Anyway, we have tried to reach out - taking him to lunch, helping him when his car broke down, texting/talking. We did say no when he asked if he could move in with us - his mom thanked us for saying no cause she thinks we would end up as his caretakers and he needs to stand on his own (he is 25).

This past weekend we started painting the exterior of our house and we asked him to help (for money) - along with his step father - and now he seems to think that we need his help daily. But although he is a meticulous scraper, sander, primer and painter, I can do the same work in about 1/3 of the time but he seems to think that working for a temp agency is not a great choice for him - not when after a total of 13 hours of work here, he can count on it for an on-going income.

Today I texted him that we are putting the project off for a few days (and really we are swamped with other commitments) but I need to have a conversation with him. I want to be supportive but not a chump caving in and giving him $$ because I feel bad for him.

So how to I maintain a relationship without feeling like I am his ATM?

redfox
7-30-13, 11:02pm
I imagine he's taking pride in actually doing productive work, so I'd start by praising him for jumping in with such alacrity. Encouraging him to participate in a family project is great. He needs that love.

I'd be frank with him about the expenses of the project. Set a price for the entire job, be it a day or a week. Tell him the truth: this is how contract work is done, & here is what you can afford. He can be paid some now, and the balance when the job is done to your satisfaction, if he agrees. Please reinforce that you love seeing him! The relationship is way more important than the $$.

Get over feeling bad for him -- that's disrespectful and condescending. He's a young adult, and deserves to be treated with respect. Addicts need & deserve to hear the truth about life, both the finances & how to negotiate kindly, with love & acceptance.
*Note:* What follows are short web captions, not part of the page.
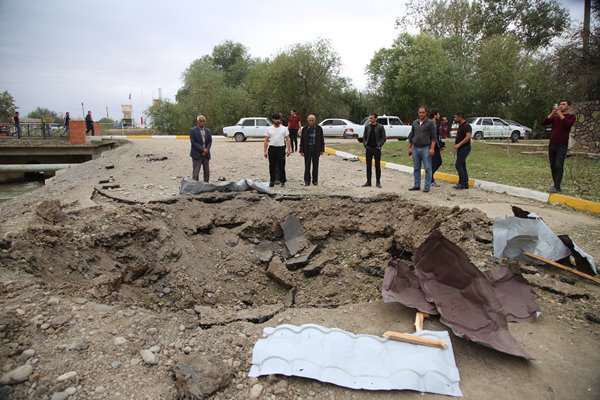 Foto - Ermenistan'dan alçak saldırısı yürekleri sızlattı: Ailesini böyle kurtardı!
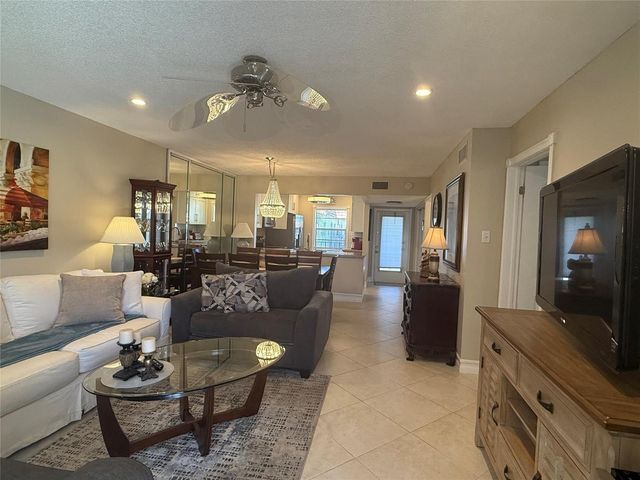 32 Abbey Lane 207, Delray Beach, FL 33446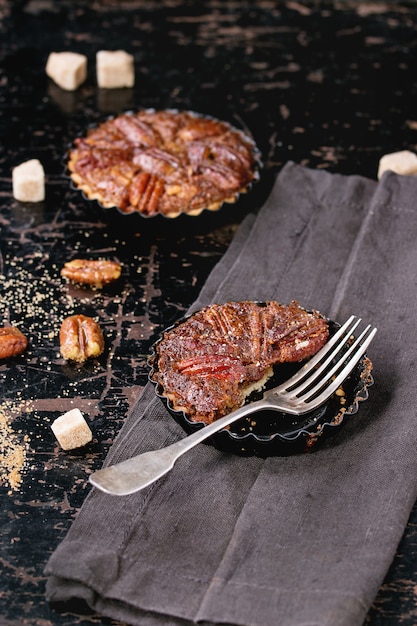 Crostata di noci pecan al caramello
PS... My 22 year old nephew is also an addict. It's very hard to see... I get it.

Simplemind
7-31-13, 1:13am
My ex is a contractor and DS worked for him for two summers. This past summer he told him he could no longer afford him due to his speed and inattention to detail. Straight up and honest. DS approached it as if it was time he needed to fill and he got paid for it. Ex wasn't getting enough bang for his buck and couldn't afford it even if it was his kid. They parted ways.
I can't improve on what Redfox said.

ctg492
7-31-13, 9:08am
First off, congratulations to your nephew! Recovery is a hard fought daily battle. My son is now almost two years clean. He is not the same man as the day he left the 3/4 house. It really took this long to regain and become the man he is. You do as you see fit. I believe this young man is far stronger then you know. No harm will be done. Ps don't feel bad for him, feel happy for him:cool:

SteveinMN
7-31-13, 11:05am
Agreed. Be happy your nephew is part of the effort and as conscientous as he can be, and let him know that. But, when you resume, I would tell him that the job will now be paid by the job, not by the hour. Lay out clear expectations and a deadline so he does not assume he's getting paid no matter how much/little he gets done or how well/poorly he does it. And pay in stages. It would help if there are no other family members being paid by the hour, but that's what it is. Good luck!

catherine
7-31-13, 11:48am
I ditto redfox--she said it beautifully.